Always read the Corrections box in the New York Times–you never know what you might find. From today's edition:
Because of an editing error, a picture caption on September 9 with an article about a request by Secretary of State John Kerry that the European Union suspend its planned restrictions on financial assistance to Israeli institutions to show the Israeli public the benefit of pursuing a peace agreement with the Palestinians misidentified the setting of the photograph. It is the Palestinian village of Beit Jala in the West Bank–not Gilo, a nearby Israeli development in Jerusalem.
The print edition of the paper had a caption that called Gilo "an Israeli development."
This is inadequate. Gilo is an unlawful Israeli settlement–or colony, if you prefer–on the occupied West Bank. Gilo is the subject of intense controversy–see the 2009 Times headline, "Plan to Expand Jerusalem Settlement Angers U.S.," over a story that called Gilo
an area in southern Jerusalem considered by Israel to be a neighborhood of the city and by the Palestinians and much of the world to be a settlement that violates international law.

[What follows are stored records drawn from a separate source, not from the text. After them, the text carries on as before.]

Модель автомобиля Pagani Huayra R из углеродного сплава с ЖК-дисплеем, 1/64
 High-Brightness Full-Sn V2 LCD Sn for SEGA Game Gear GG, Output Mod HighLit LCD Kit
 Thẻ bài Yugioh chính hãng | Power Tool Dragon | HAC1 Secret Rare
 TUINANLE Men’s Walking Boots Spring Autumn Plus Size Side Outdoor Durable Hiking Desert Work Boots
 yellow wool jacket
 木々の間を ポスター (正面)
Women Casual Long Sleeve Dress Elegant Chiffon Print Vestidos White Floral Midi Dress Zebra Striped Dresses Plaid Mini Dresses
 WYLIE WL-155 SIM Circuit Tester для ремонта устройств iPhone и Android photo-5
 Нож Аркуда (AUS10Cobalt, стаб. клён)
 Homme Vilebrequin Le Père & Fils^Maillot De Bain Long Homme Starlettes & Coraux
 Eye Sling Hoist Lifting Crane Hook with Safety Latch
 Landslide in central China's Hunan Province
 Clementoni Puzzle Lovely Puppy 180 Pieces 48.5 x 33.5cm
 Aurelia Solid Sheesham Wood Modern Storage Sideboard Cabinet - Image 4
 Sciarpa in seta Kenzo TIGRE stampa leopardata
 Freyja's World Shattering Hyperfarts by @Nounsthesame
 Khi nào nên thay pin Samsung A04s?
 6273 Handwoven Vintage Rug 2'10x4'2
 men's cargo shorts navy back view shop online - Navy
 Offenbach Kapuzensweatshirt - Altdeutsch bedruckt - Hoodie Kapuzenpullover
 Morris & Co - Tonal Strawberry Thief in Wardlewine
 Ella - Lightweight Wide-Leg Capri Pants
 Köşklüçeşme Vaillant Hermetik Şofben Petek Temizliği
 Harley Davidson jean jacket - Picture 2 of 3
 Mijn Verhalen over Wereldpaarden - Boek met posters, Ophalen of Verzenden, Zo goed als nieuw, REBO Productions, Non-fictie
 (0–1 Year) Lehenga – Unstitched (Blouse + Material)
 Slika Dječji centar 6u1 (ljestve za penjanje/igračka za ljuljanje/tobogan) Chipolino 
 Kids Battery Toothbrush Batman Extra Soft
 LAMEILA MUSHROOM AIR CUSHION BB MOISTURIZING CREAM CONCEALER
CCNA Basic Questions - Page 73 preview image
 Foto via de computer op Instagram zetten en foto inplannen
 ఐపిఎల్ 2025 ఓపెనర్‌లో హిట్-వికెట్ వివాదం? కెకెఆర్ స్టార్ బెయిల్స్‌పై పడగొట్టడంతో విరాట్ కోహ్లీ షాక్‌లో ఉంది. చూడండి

As Phillip Weiss of Mondoweiss noted (10/29/10), Gilo
is on a hill a few miles south of Jerusalem and it is now gobbling up the lands of Walaje, a Palestinian village. There are demonstrations against this further illegal expansion all the time. Palestinian houses are being demolished, lands seized, farmers dispossessed. The unending narrative of 43 years of military-religious occupation.
So when the Times decides to call Gilo an "Israeli development in Jerusalem," they're essentially taking a side: For the Israeli view and against international law.